Exercise details »
Copy exactly. Include the line containing "Casa Rural De", every line after it, and the last line below, but no pictures.

━━━ Record excerpts

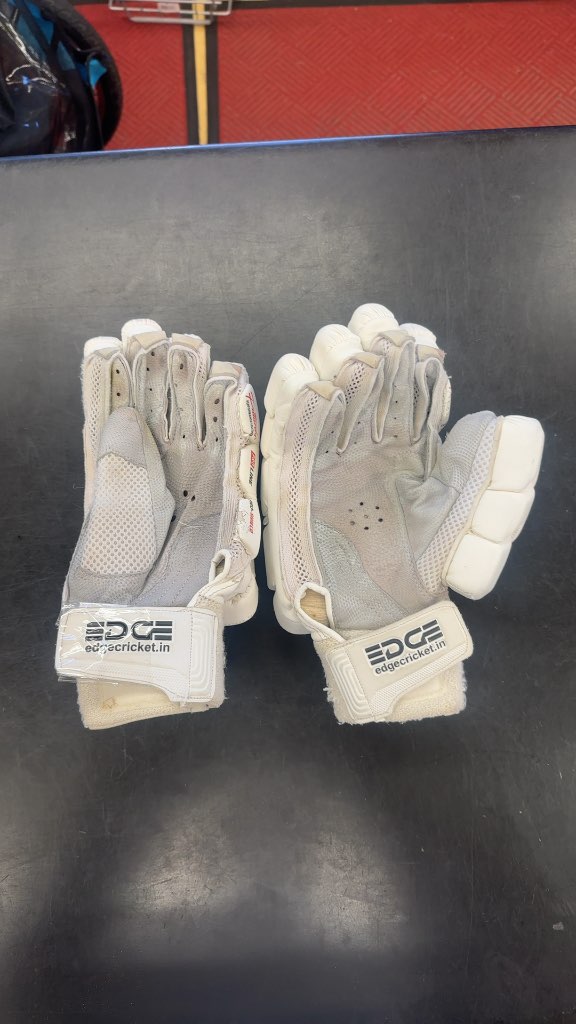 Edge Pro Line Cricket Batting Gloves White Used Adult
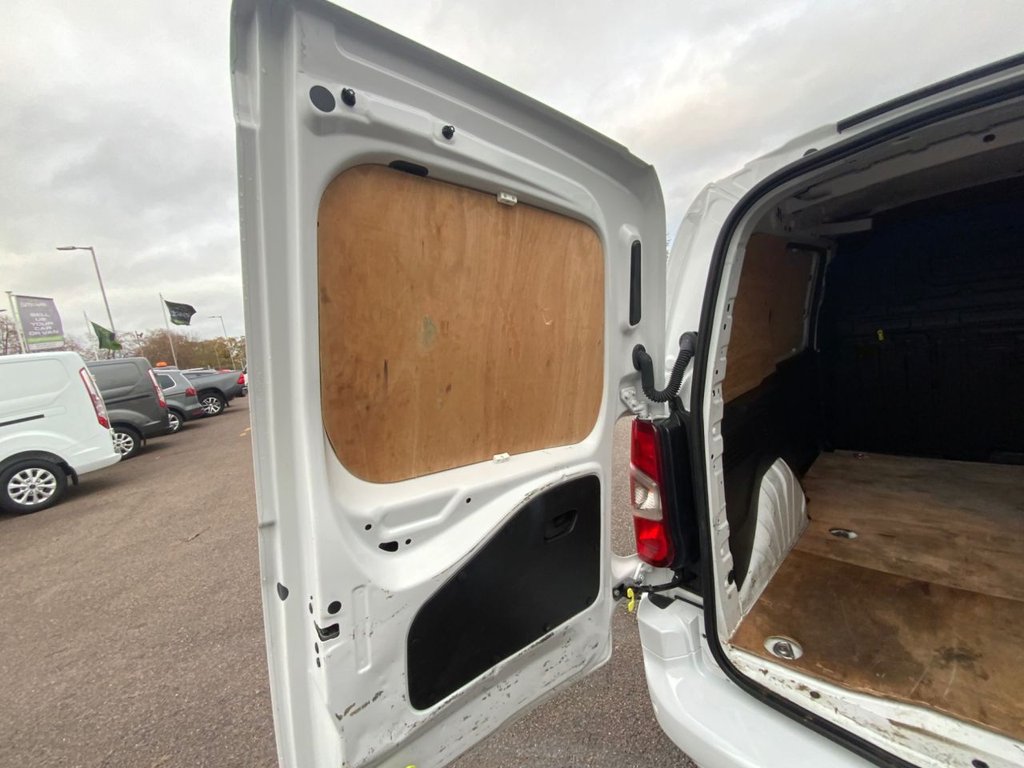 Used Vauxhall Combo 2023 for sale - 76724752: Photo 32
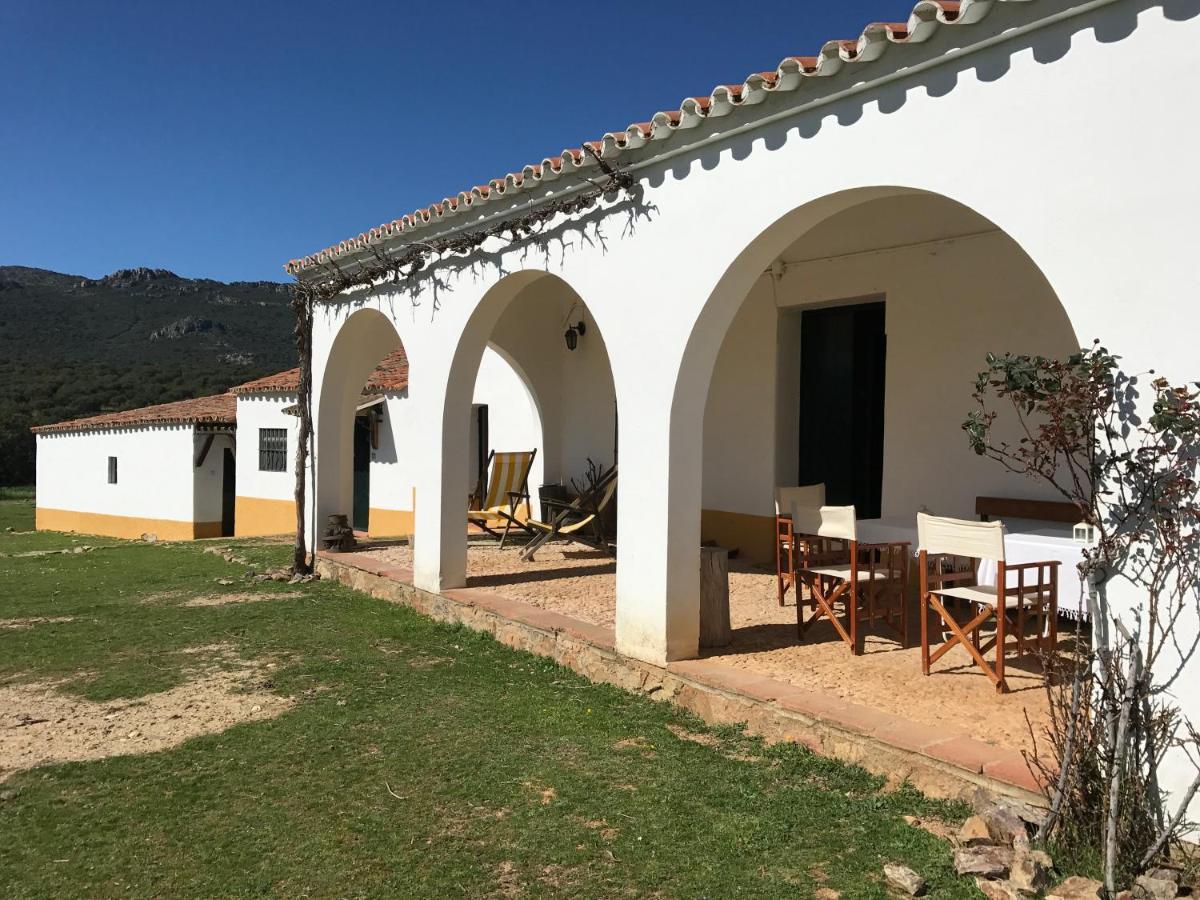 Casa Rural De La Finca Sierra Grande Hornachos Exterior photo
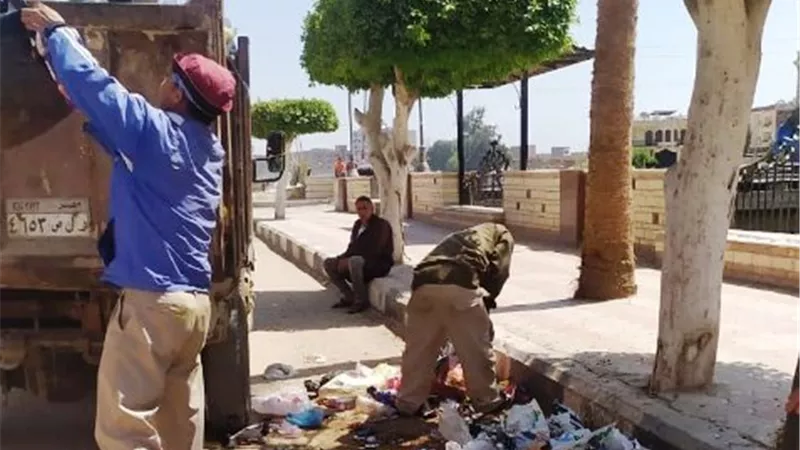 تكثيف حملات النظافة والإشغالات من شوارع الشرقية ..صور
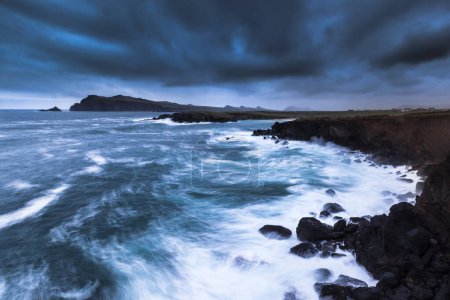 Atlantic Ocean, near Dunquin, Dingle Peninsula, County Kerry, Ireland, Europe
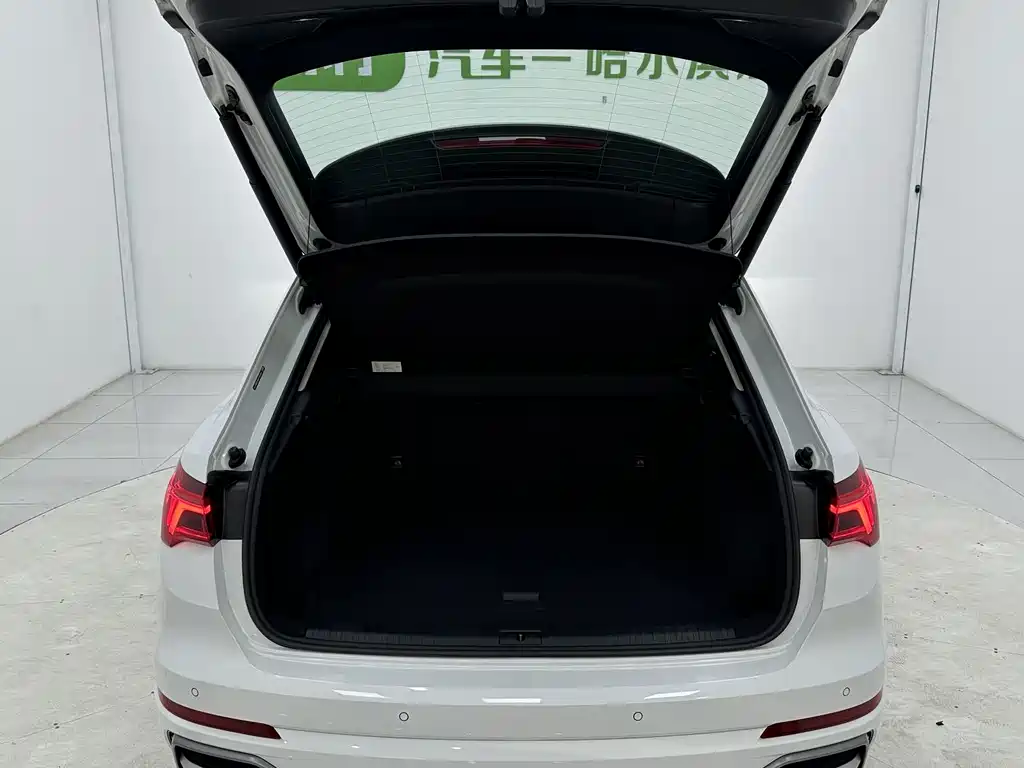 Audi Q3 2023 — фото 16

━━━━━━

Problem solution »
 Casa Rural De La Finca Sierra Grande Hornachos Exterior photo
 تكثيف حملات النظافة والإشغالات من شوارع الشرقية ..صور
 Atlantic Ocean, near Dunquin, Dingle Peninsula, County Kerry, Ireland, Europe
 Audi Q3 2023 — фото 16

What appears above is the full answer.